1969年、ダイハツはトヨタの2代目「パプリカ」のボディに、自社「コンパーノ」のエンジンを搭載した「コンソルテ・ベルリーナ」を発売。1973年にトヨタ「パプリカ・スターレット」をベースとした「コンソルテ」を発売します。またコンソルテ4ドアモデルの後継として1974年に発売された「シャルマン」は、トヨタの2代目「カローラ」をベースとしていました。コンソルテとシャルマンはOEMのハシリとされています。

ラガー(タフト)とブリザード

1970年まで、本格クロスカントリーといえばトヨタ「ランドクルーザー」、日産「パトロール」、そして三菱「ジープ」といった比較的、大きなクルマが中心でした。そこにスズキの「ジムニー」が登場します。軽自動車ならではの利便性と経済性、そして大型クロスカントリーに引けを取らない走破性を持ち、大いに話題となりました。

そこにダイハツは、ランドクルーザーら大型クロスカントリー4WDとジムニーの間を埋めるべく、1974年に「タフト」を販売します。

ロッキーに続くダイハツの4WDは、クロスカントリーのタフトが出発点
ロッキーに続くダイハツの4WDは、クロスカントリーのタフトが出発点

当初は1.0リットルという排気量の小ささにより苦戦したものの、パワーのあるエンジンを搭載したモデルを次々と打ち出し、またクロスカントリーの人気の高まりという追い風もあって、次第に人気を博します。

1980年、ダイハツはトヨタにタフトのOEM供給を開始。トヨタ製ディーゼルエンジンを搭載し、「ブリザード」という名称でトヨタビスタ店と沖縄トヨタより販売されます。ランドクルーザーの下のクラスを受け持つ弟分というポジションでした。

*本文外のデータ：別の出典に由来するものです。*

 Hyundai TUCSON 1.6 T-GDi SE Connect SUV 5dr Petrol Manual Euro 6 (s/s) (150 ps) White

トヨタビスタ店の開始は1980年。当初、ブリザードは目玉商品の一台に数えられた
トヨタビスタ店の開始は1980年。当初、ブリザードは目玉商品の一台に数えられた

1984年、タフトはフルモデルチェンジを行い、名称を「ラガー」に変更。ボディサイズは一回り大きくなり、スタイルは同時期に発売されていた他社のクロスカントリーと比べても遜色のない、精練されたものへと変わります。同時にブリザードも2代目にモデルチェンジを行い、ラガーのOEMを継承。トヨタ製のディーゼルエンジンを搭載し、後にターボモデルを追加します。

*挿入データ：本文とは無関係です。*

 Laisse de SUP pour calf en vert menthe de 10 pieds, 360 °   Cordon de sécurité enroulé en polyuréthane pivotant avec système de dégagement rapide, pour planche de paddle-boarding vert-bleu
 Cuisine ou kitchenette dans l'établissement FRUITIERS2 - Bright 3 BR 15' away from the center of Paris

ラガーはクロスカントリーとして優秀な足回りと、2.8リットルディーゼルエンジンを搭載して登場
ラガーはクロスカントリーとして優秀な足回りと、2.8リットルディーゼルエンジンを搭載して登場

1980年代後半より起こったクロカンブームにより、好調な売れ行きを見せたラガーとブリザード。しかし、1990年代中頃となってブームは下火となり、売れ線も本格的な性能を持つクロスカントリーから快適な乗り心地を持ったSUVへと変わります。1994年にブリザードは販売を終了。3年後の1997年、日本国内でのラガーの販売は終了します(海外では需要があったため、生産は引き続き行われていました)。

コンパクトに回帰、テリオスとキャミ

1990年、ダイハツは小型クロスカントリー4WDの「ロッキー」を発表。しかし、クロスカントリー色を強く打ち出したスタイルにより販売で苦戦します。そして登場したのが、軽快で都会的なイメージを持たせたコンパクトSUV「テリオス」です。1997年のことでした。

テリオスには全長・全幅を軽自動車サイズに縮小した姉妹車、「テリオス キッド」も登場
テリオスには全長・全幅を軽自動車サイズに縮小した姉妹車、「テリオス キッド」も登場

当初はNAの4WDモデルのみでしたが、マイナーチェンジを機にFRモデルとターボモデルをラインナップ。トップモデルとなる4WDターボモデルは140psのパワーにメカニカルセンターデフロック付き4WDを組み合わせ、本格クロスカントリーに劣らぬ性能が奢られます。ダイハツの強いこだわりが感じられるモデルでした。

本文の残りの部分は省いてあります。